OK, I've preached 'long' organization forever, but here's a case where
you need 'wide'. That's because this includes a many-to-many merge:
you're checking every line in your file against every name on the list.
Changing one file to 'wide' organization is a good way to do this, in
SPSS.

This syntax isn't checked.

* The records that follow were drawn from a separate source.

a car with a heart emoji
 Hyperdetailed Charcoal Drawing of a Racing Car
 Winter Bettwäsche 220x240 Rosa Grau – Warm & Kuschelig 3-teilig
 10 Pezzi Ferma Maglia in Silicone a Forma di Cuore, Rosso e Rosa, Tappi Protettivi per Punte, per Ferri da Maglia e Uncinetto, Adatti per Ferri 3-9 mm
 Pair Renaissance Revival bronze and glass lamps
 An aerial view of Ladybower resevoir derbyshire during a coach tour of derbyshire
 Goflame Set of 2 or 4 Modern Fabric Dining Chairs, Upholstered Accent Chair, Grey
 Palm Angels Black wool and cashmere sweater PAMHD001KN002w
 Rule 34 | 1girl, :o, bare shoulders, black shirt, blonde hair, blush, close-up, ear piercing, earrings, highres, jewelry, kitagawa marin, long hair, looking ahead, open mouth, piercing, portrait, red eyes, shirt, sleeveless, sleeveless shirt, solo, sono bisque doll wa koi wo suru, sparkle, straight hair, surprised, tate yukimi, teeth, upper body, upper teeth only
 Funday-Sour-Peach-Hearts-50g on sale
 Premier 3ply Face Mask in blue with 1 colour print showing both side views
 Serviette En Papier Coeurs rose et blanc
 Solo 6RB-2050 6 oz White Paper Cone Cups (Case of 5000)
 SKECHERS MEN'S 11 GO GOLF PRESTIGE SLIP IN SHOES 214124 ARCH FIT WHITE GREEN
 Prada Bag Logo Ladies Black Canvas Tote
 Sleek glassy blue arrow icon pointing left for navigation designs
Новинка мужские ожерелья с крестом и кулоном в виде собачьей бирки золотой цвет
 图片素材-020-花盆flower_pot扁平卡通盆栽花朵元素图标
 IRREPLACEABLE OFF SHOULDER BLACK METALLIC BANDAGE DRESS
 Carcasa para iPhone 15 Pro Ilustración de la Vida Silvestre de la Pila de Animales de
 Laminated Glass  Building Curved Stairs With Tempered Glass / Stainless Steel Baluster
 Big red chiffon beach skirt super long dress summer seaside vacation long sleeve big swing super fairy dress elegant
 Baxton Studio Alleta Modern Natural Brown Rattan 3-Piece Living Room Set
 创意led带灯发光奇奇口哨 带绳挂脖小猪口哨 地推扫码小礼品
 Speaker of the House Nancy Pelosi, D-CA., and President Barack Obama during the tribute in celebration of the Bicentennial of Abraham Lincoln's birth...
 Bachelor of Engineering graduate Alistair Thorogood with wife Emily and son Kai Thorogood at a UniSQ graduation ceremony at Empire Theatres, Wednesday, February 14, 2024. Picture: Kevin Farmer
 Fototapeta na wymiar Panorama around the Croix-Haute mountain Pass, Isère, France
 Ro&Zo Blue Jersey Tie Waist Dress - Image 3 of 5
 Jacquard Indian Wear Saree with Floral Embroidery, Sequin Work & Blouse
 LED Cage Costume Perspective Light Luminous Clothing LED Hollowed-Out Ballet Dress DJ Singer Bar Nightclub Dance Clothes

Generating test data would be more elaborate
than I'm up for just now.

Here's file NAMES, with the list of names:
|-----------------------------|---------------------------|
|Output Created               |27-AUG-2007 18:50:04       |
|-----------------------------|---------------------------|
Name         Type

George       F
Peter        F
Susan        F
Elizabeth    F
Eliza        F
Smith        L
Jones        L
Robinson     L

Number of cases read:  8    Number of cases listed:  8

'Type' is not sex, but classification, as a first name or last name. Do
what you want, with any names that occur in both roles.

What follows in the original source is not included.